Oleh : Farha Kamalia*

“Change your thoughts and you change your world.” ~ Norman Vincent Peale

Pendidikan dibutuhkan sebagai pupuk dalam kehidupan agar kita dapat berkembang dengan baik. Pendidikan tidak hanya sekedar transfer ilmu di sekolah saja namun juga pembentukan karakter pribadi yang lebih baik. Diperlukan usaha yang lebih untuk mendongkrak kualitas yang lebih baik. Ilmu pengetahuan yang diterima selama proses belajar mengajar di sekolah harus ditambah dengan pengalaman-pengalaman lain agar membuka kemampuan atau keahlian yang bernilai lebih.
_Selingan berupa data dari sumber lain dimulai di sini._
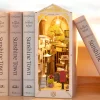 Robotime Book Nook Sunshine Town TGB02 sfeer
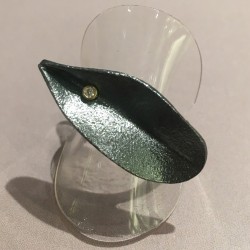 GRASS sølv ring med brillant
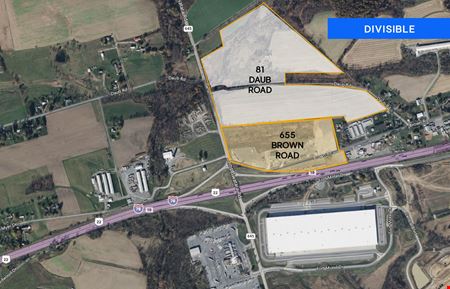 Preview of commercial space at 655 Brown Road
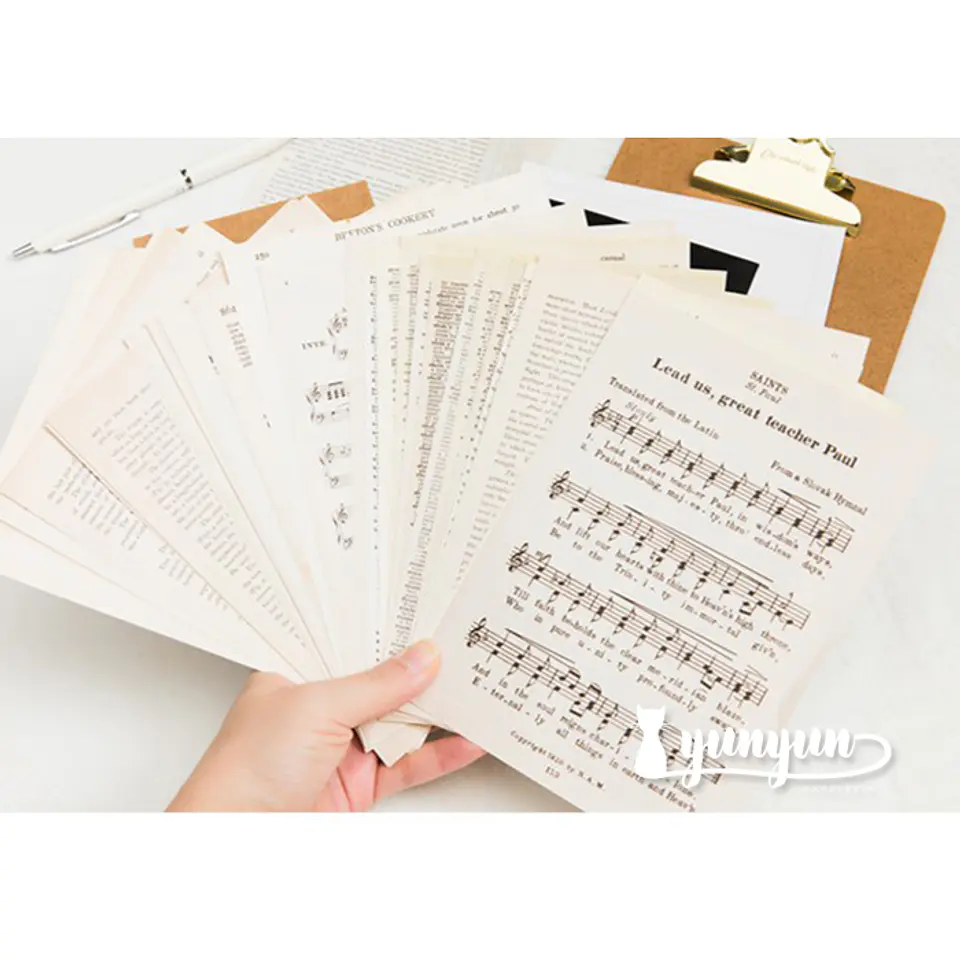 Set Papeles Deco - 57 pzas 2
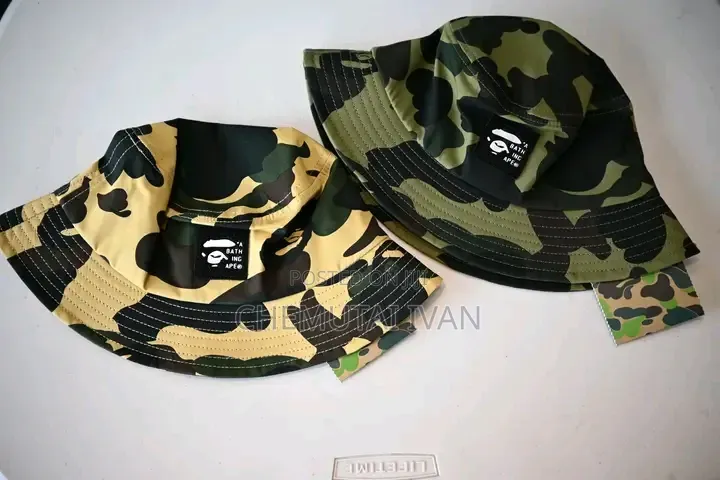 Premium Quality Camouflage Hats
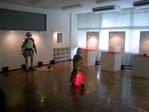 CCC久保田清人『メタリッくま展』会場?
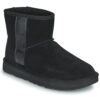 Γυναικείες Μπότες  Μπότες UGG CLASSIC MINI SIDE LOGO Δέρμα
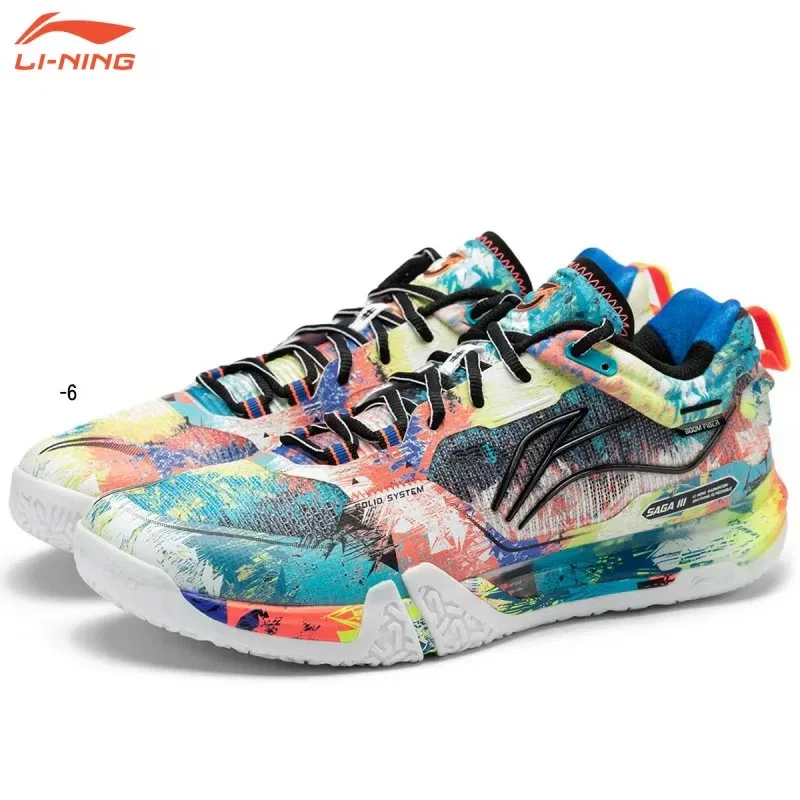 Кроссовки для бадминтона «Saga 3 Pro» от Li-Ning, -6.Muc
Adalah suatu keniscayaan bahwa di era globalisasi ini banyak aspek kehidupan menjadi saling mempengaruhi satu dengan lain, tidak terkecuali aspek pendidikan. Persaingan global antaraktor pun semakin kompetitif sehingga semakin banyak orang berlomba-lomba untuk dapat bersaing dengan yang lain.

Bertempur atau Digempur

Majalah Tebuireng

            Ketakutan akan dampak negatif globalisasi memang tidak dapat dipungkiri. Akan tetapi, menutup diri atas datangnya globalisasi juga bukan merupakan solusi yang tepat. Persaingan global yang semakin kompetitif membuat kita tidak punya pilihan selain menyesuaikan diri dengan situasi global. Meskipun globalisasi memberikan permasalahan yang semakin kompleks namun globalisasi juga menawarkan solusinya, yaitu akses pendidikan yang seluas-luasnya.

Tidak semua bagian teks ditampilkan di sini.